Task objective: The entries are to be printed again word for word, but no picture may appear.

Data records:
┌──
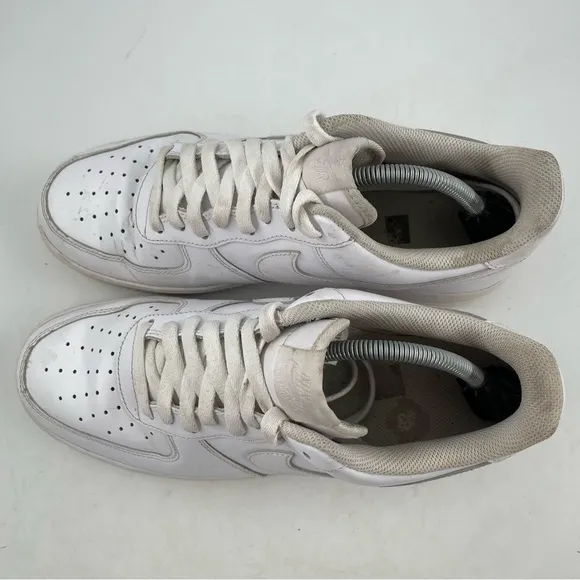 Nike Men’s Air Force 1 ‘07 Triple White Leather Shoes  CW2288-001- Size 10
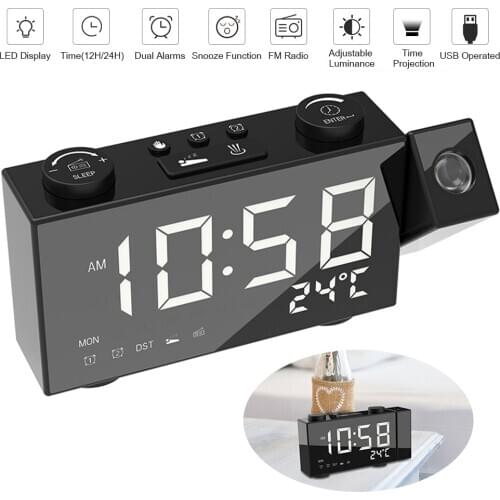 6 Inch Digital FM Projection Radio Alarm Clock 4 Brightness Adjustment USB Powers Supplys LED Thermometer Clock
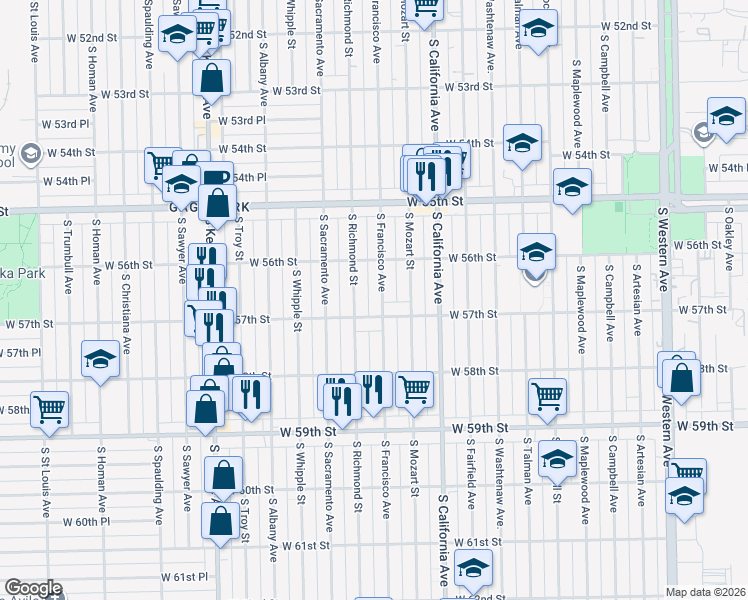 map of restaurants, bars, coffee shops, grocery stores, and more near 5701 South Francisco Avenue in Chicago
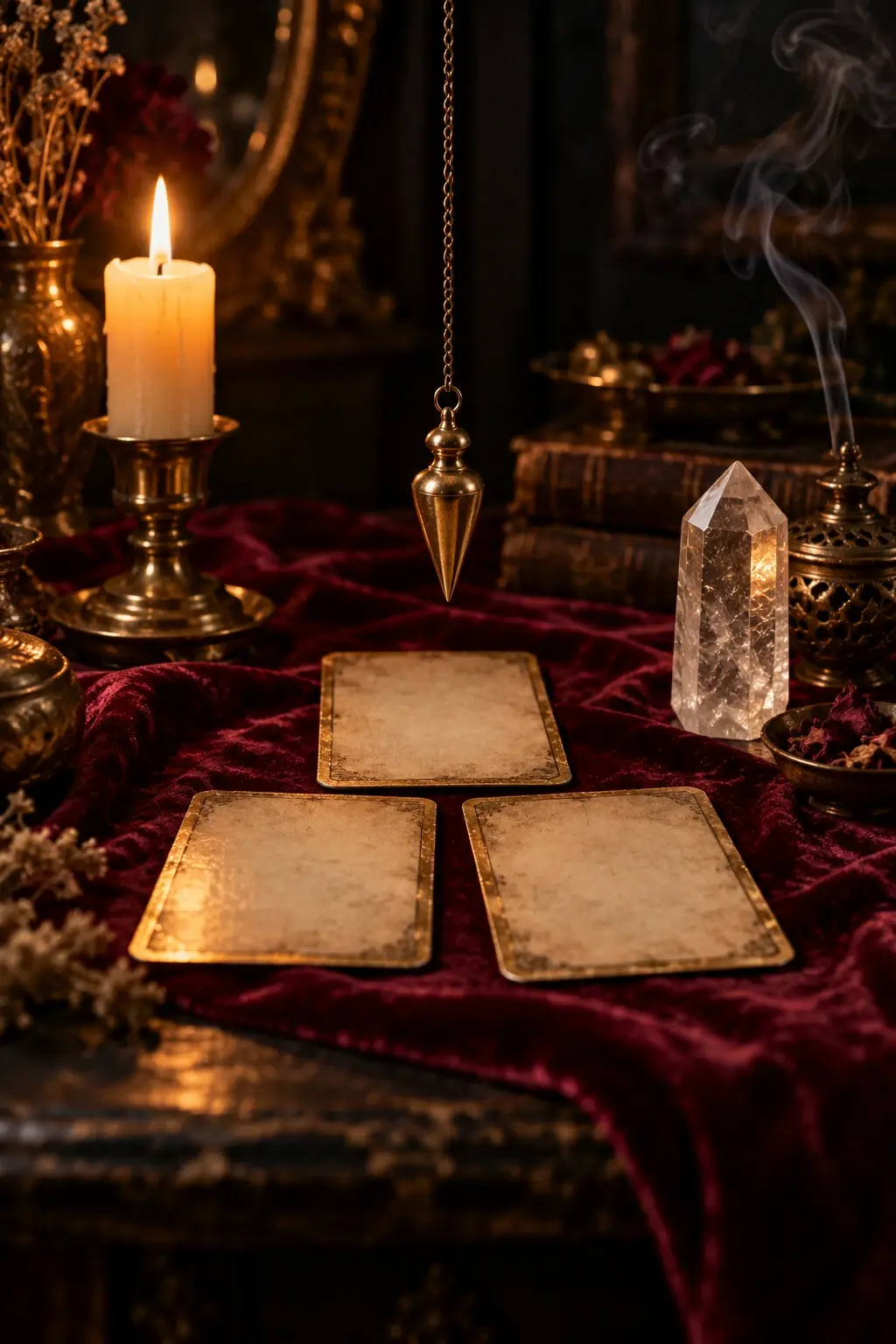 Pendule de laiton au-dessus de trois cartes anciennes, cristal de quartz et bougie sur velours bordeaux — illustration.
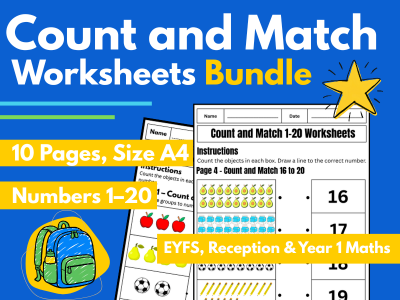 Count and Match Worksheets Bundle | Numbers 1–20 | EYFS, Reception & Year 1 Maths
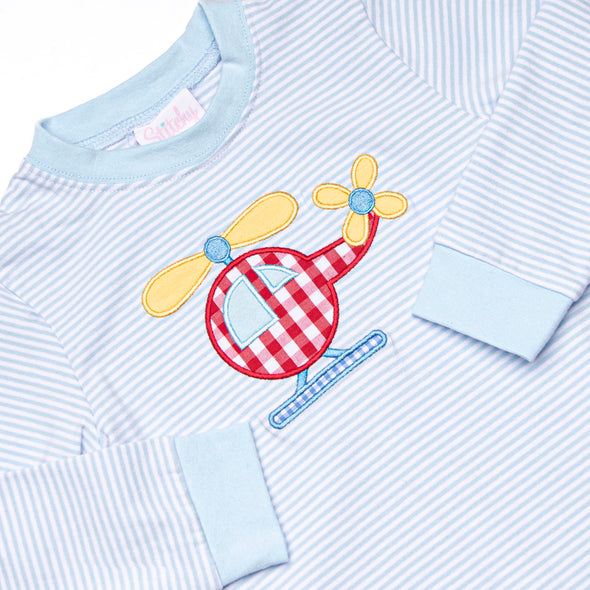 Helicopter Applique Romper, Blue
└──
Reply:
 Nike Men’s Air Force 1 ‘07 Triple White Leather Shoes  CW2288-001- Size 10
 6 Inch Digital FM Projection Radio Alarm Clock 4 Brightness Adjustment USB Powers Supplys LED Thermometer Clock
 map of restaurants, bars, coffee shops, grocery stores, and more near 5701 South Francisco Avenue in Chicago
 Pendule de laiton au-dessus de trois cartes anciennes, cristal de quartz et bougie sur velours bordeaux — illustration.
 Count and Match Worksheets Bundle | Numbers 1–20 | EYFS, Reception & Year 1 Maths
 Helicopter Applique Romper, Blue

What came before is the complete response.